Debt funds might be ideal if, for instance, you want to create an emergency fund, or give your car a full servicing in a few years. They are also suitable for investors who are cautious or sceptical about stock market performance, as they offer stable returns while minimising the risk of market volatility.

Know the 16 types of debt funds
  1. Overnight Funds – These funds invest in fixed income instruments with a duration of one day, and aim to provide liquidity to investors at the prevailing yield levels. Their convenience makes them suitable for corporate treasuries and other investors looking to park their funds for a very short duration.
  2. Liquid Funds – As the name suggests, these funds offer liquidity. The underlying assets of the fund have a short maturity duration, typically less than 90 days. They are suitable for corporates and individuals looking to build an emergency corpus. Their primary aim is to negate volatility and provide higher liquidity to its investors.
  3. Ultra-Short Funds – These funds suit investors looking to park their money for 3-6 months.
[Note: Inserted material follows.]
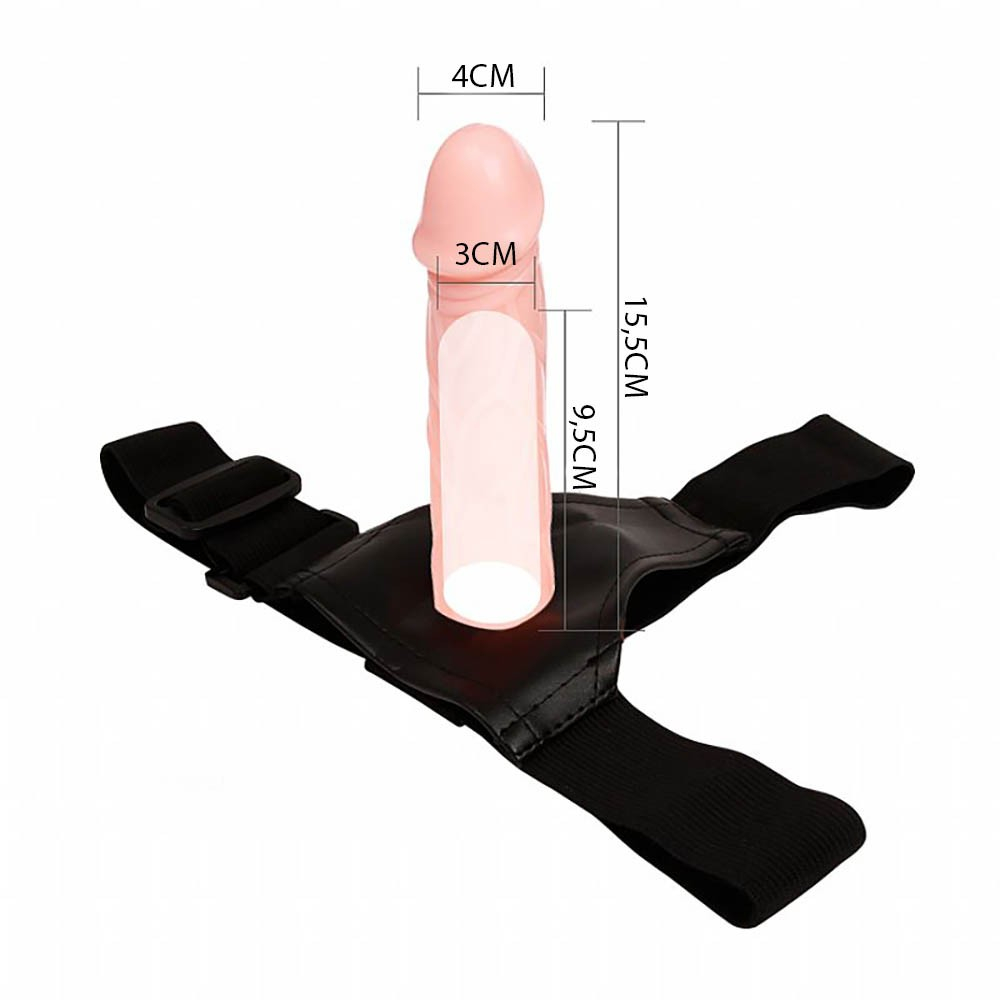 Capa Peniana com Cinta em PVC Real�stica 15 x 3cm Jessica Bege | Foto 06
They invest in a mix of debt securities and money market instruments and leave you well-placed to meet specific cash outflow requirements after a few months. 
  4. Low Duration Funds – These funds cater to investors looking to invest cash for 6-12 months and avail of potentially higher returns than ultra-short funds.  
  5. Money Market Funds – These funds have an investment horizon not exceeding one year, and aim to provide returns through interest income and potential capital appreciation.
  6. Short Duration Funds – These funds invest in multiple securities to maximize returns, and come with a maturity period of 1-3 years.
  7. Medium Duration Funds – These funds have a maturity period of 3-4 years and invest in a mix of government, public and private sector bonds for optimum returns and safety of capital.
  8. Medium to Long Duration Funds – These funds have an investment horizon of 4-7 years and aim to optimise returns for investors by investing in an array of corporate and government bonds.  
  9. Long Duration Funds – The investment horizon on this category of fund exceeds seven years. Given this long horizon, they invest in long maturity debt which has the potential to offer substantial returns to investors.
  10. Dynamic Bond Funds – This is a versatile category with no restrictions on security type or maturity horizon for parking funds. Funds here are dynamically managed, and the fund managers will realign the weights and securities depending on market situations.
  11. Corporate Bond Funds – These funds invest over 80% of their capital in the most secure corporate bonds, rated AA+ or higher.  
  12. Credit Risk Funds – These funds invest at least 65% of their capital in corporate bonds rated below AA+, offering both higher risk and reward for investors when compared to corporate bond funds.  
  13. Banking and PSU Funds – These debt mutual funds invest a minimum of 80% of their total assets in bank, PSU and public financial institutions’ papers. They aim to maximise returns while minimising liquidity and risk.
  14. Gilt Funds – This is a category of highly secure funds that invest in government securities with varying maturity periods.
  15. Gilt with 10 Year Constant Duration Funds – These funds offer a consistent portfolio duration of 10 years, investing a minimum of 80% of their total assets in government securities.
  16. Floater Funds – Funds in this category invest at least 65% of their total assets in floating-rate bonds. The rates of underlying assets are reset periodically.

The advantages of debt funds

  • They are less risky than equity investments and thus help investors minimise their portfolio risk.
  • They are suitable for short-term deployment, offering stable returns compared to other assets like equities.
  • They allow retail investors to access instruments not directly available for subscription.
  • They make for a low-cost investment, as they do not usually come with an exit load and SEBI has capped their TER at 2%***.
  • They offer varying investment horizons catering to different needs.

Debt funds are a less volatile investment option than equity funds and could provide a steady source of secondary income. Their precise level of risk and return depends on the nature of the individual fund. Consult a financial advisor who will help you choose the fund that’s right for you. 

Disclaimer: Mutual fund investments are subject to market risks, read all scheme-related documents carefully.